The rapid rollout of a hugely ambitious plan to reduce elementary school class sizes in California over two decades ago should serve as a cautionary tale for how quickly the state should implement universal preschool, a long-sought-after goal of children’s advocates and their allies in the Legislature.
It may also give incoming Gov. Gavin Newsom some cover for not moving aggressively to implement universal preschool, which he said he was committed to on the campaign trail. He articulated universal preschool as part of an ambitious, multi-pronged “cradle-to-career” system of education in the state.
But what Newsom left unsaid was when and how fast he would move to introduce universal preschool, which is generally understood to mean providing state subsidized preschool for all low-income 4-year-olds before they enter kindergarten.

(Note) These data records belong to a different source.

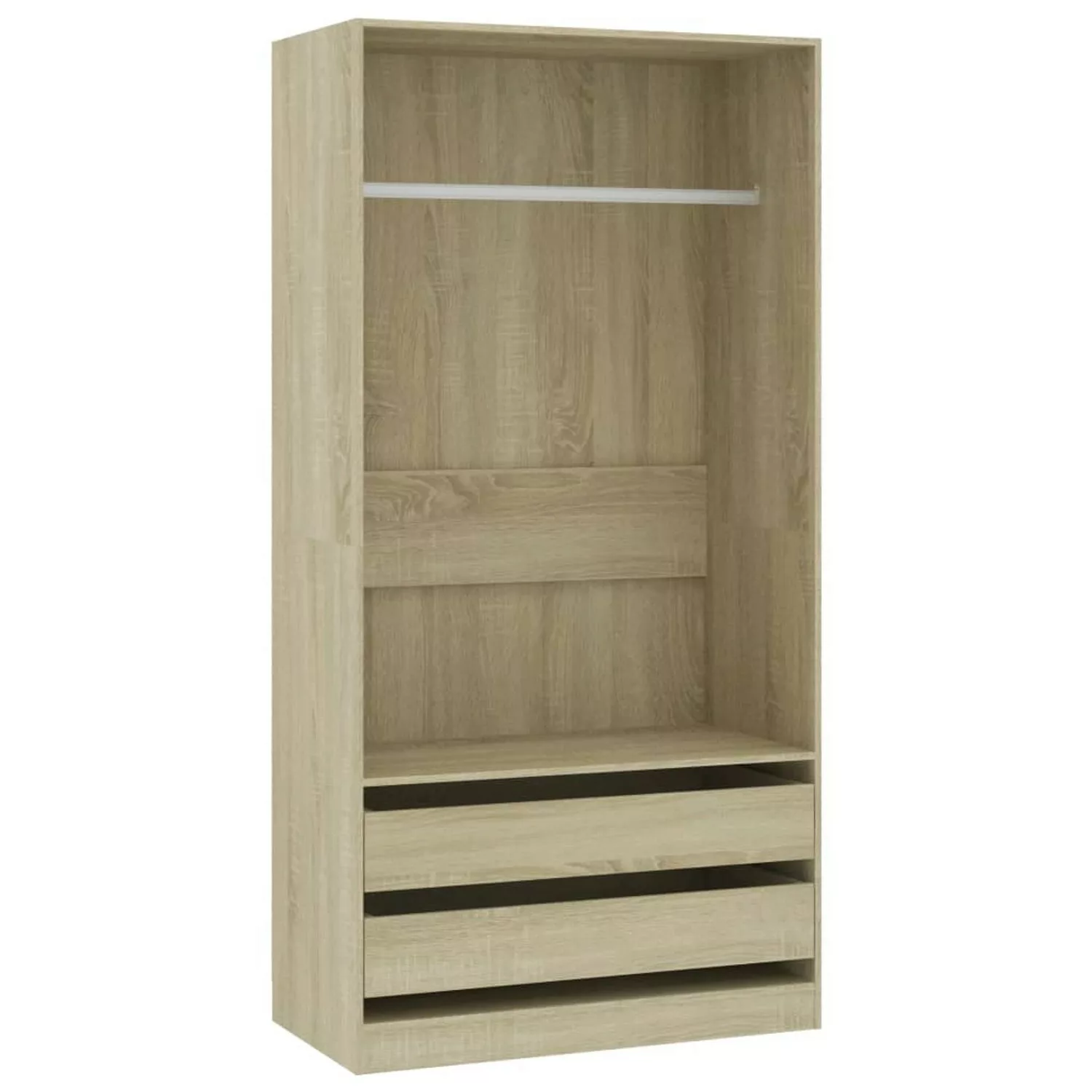 vidaXL Kleiderschrank Kleiderschrank Sonoma-Eiche 10050200 cm Spanplatte günstig online kaufen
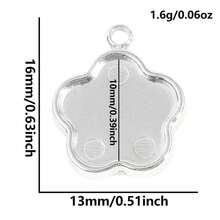 2件套时尚植物吊坠，304不锈钢材质，珠宝制作材料，神奇金属仙人掌、小花、莲花造型，瑜伽能量平衡吊坠，凸面空白底座，适合DIY宝石、树脂、手工工艺品，日常礼物，个性化纪念品，PVD 18K镀层 - Geometry - 查看 23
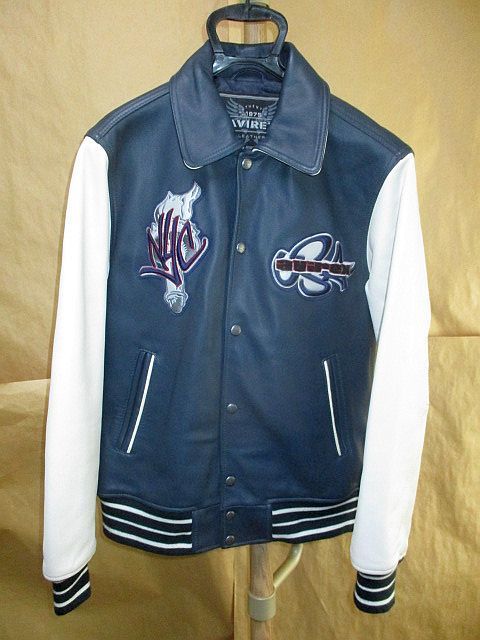 AVIREX 6161086 NEW YORK LEATHER JACKET ニューヨーク　オール　レザー　スタジャン　ジャケット　M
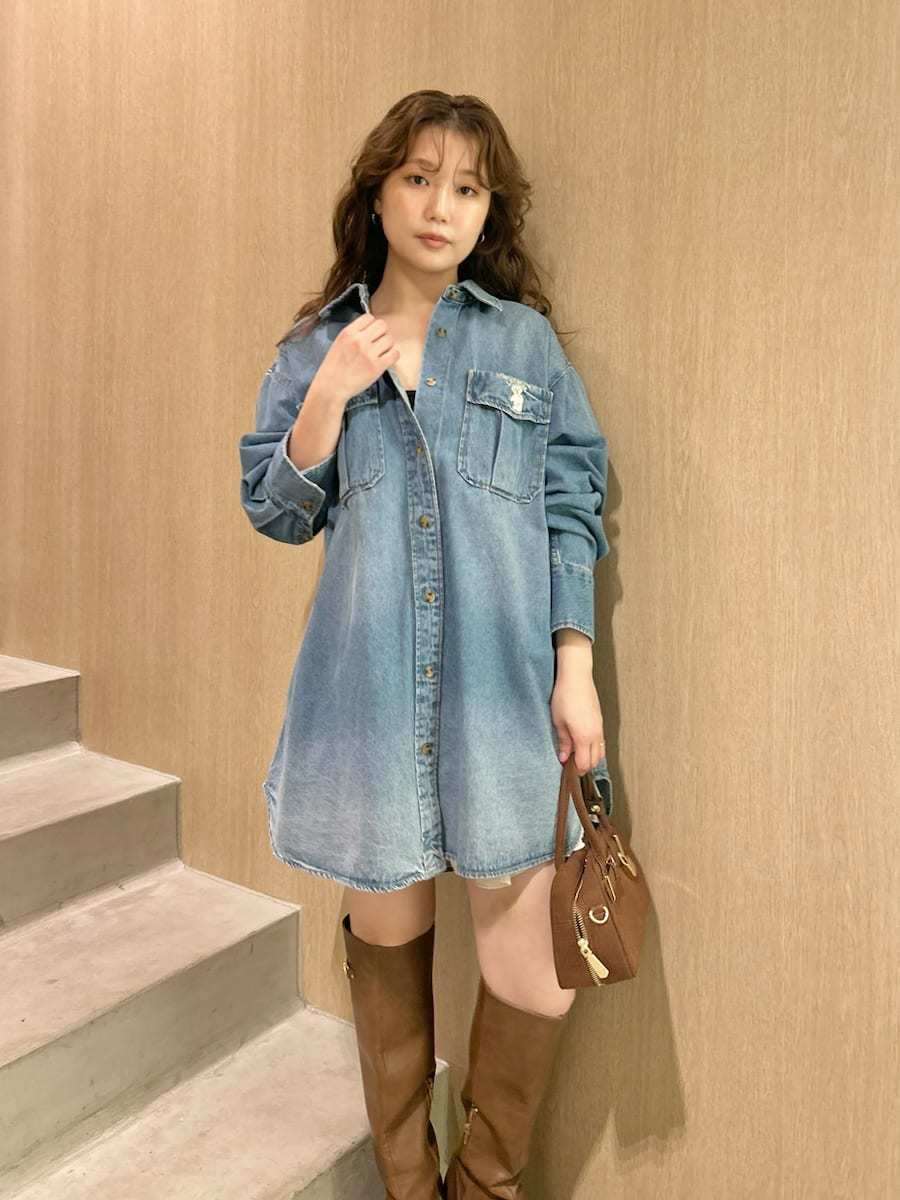 Lily Bearスカーフ付きオーバーシャツ Lily Bearスカーフ付きオーバーシャツ(Tシャツ・シャツ
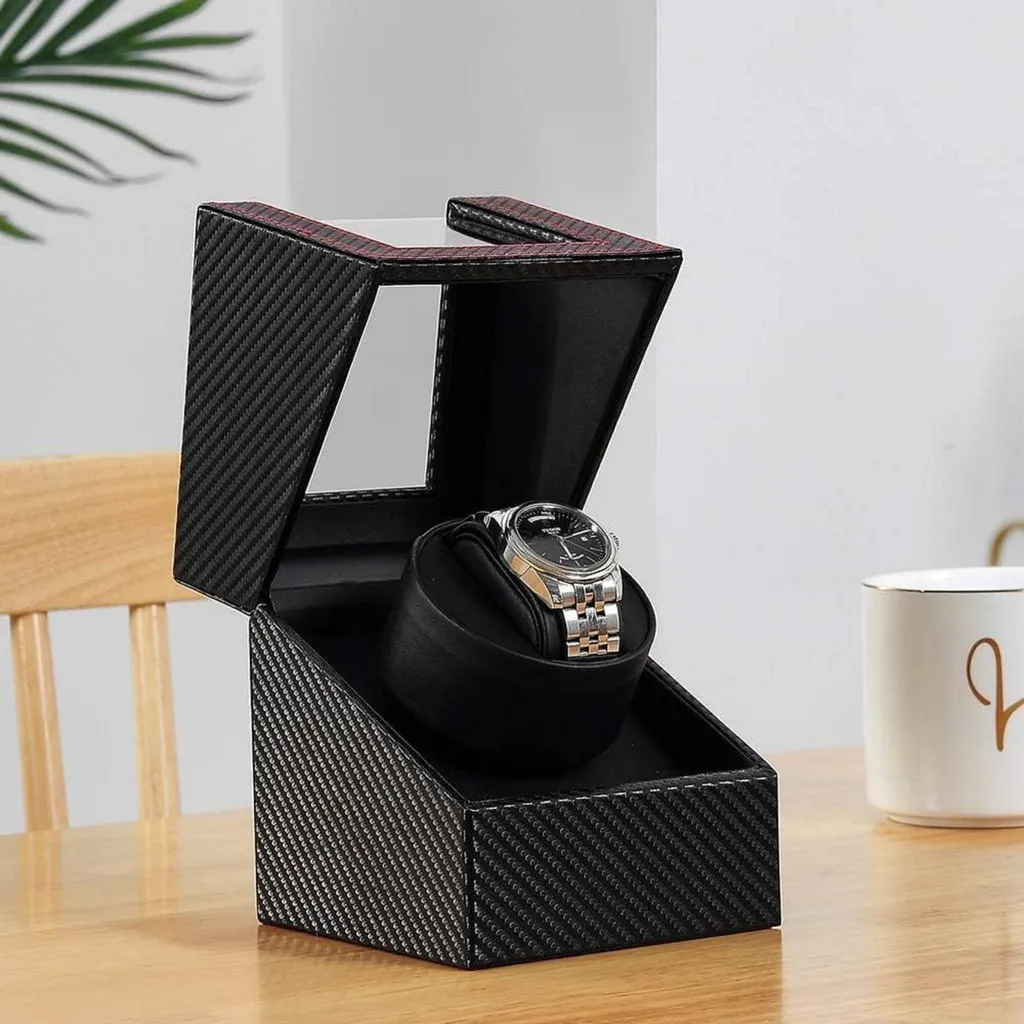 Boîte à montres de luxe rotative avec alimentation secteur et à pile - 6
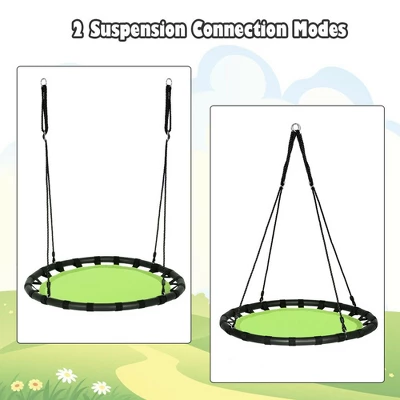 Costway 40'' Flying Saucer Round Tree Swing Kids Play Set W/ Adjustable Ropes Outdoor 5 Costway 40'' Flying Saucer Round Tree Swing Kids Play Set W/ Adjustable Ropes Outdoor - Image 3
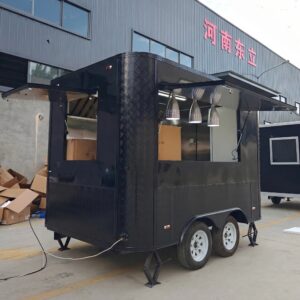 10FT Black Square Food Trailer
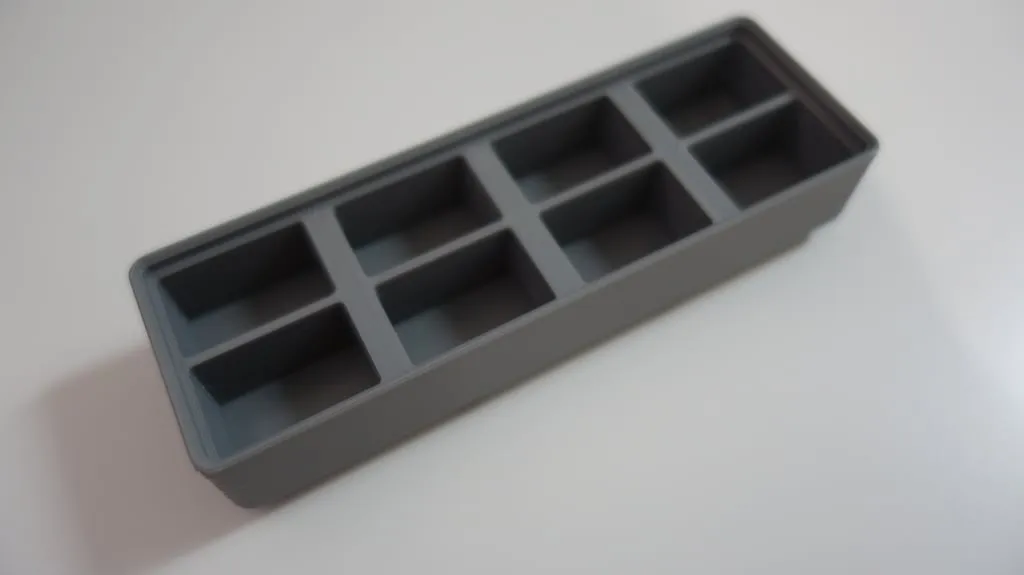 Giá đỡ pin 9v Gridfinity cho 8 viên - Image 1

The state’s 1996 class size reduction program was hugely popular with parents and teachers. But it also had a range of unintended consequences, especially during the first years it was implemented. It provides some sobering guidance as to how not to do it.
The program was laden with good intentions: to reduce class sizes to 20 students in kindergarten through the 3rd grade, based on the belief and some compelling research that smaller class sizes improve student academic outcomes.
The program came about as a result of an unusual confluence of forces. In the summer of 1996, the state was projecting a budget surplus of $1.3 billion. The Legislature, with the assent of then-Gov. Pete Wilson, approved a class-size reduction plan that would provide districts $650 for every student in a K-12 classroom with 20 or fewer students. The cost to the state in its first year: $1 billion — about $1.6 billion in current dollars.
The program was slated to begin that very same fall — less than two months after passage of the bill in the Legislature — setting off a “mad scramble,” in the words of a 2002 EdSource report, to find the space, equipment and teachers needed to implement it..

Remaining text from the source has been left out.